[Source data]
--------------------

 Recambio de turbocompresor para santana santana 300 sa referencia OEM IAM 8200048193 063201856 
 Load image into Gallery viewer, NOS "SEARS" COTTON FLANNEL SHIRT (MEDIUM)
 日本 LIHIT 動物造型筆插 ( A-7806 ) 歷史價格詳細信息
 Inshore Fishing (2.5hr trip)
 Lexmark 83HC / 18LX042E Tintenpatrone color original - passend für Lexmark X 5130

--------------------

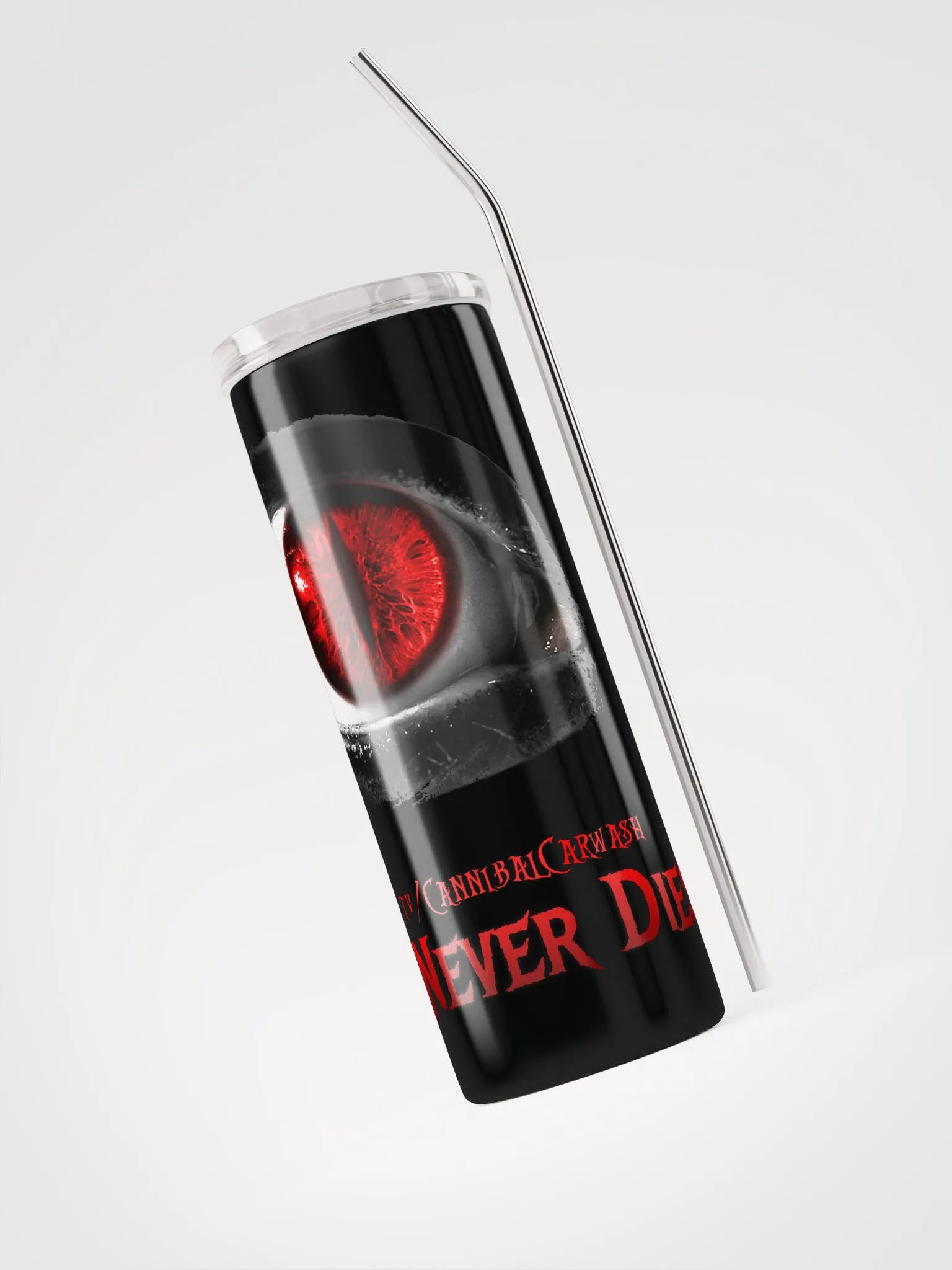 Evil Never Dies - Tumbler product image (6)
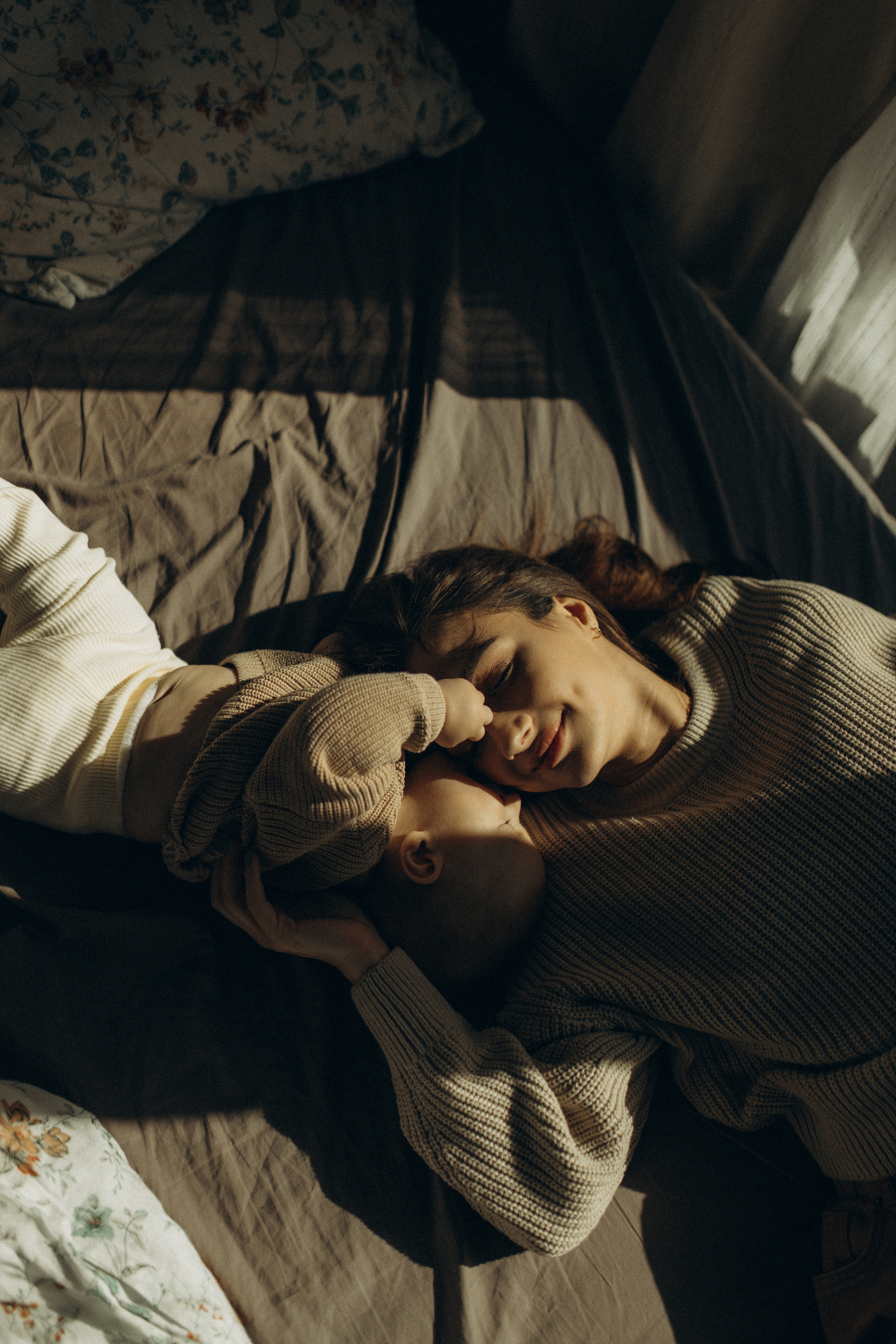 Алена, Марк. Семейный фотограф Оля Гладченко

--------------------

[Exercise instructions]
Only those lines of the entries above that run from the line containing "Recambio de turbocompresor" to the line containing "Lexmark 83HC /", both included, should be transcribed exactly.

[Response to this task]
 Recambio de turbocompresor para santana santana 300 sa referencia OEM IAM 8200048193 063201856 
 Load image into Gallery viewer, NOS "SEARS" COTTON FLANNEL SHIRT (MEDIUM)
 日本 LIHIT 動物造型筆插 ( A-7806 ) 歷史價格詳細信息
 Inshore Fishing (2.5hr trip)
 Lexmark 83HC / 18LX042E Tintenpatrone color original - passend für Lexmark X 5130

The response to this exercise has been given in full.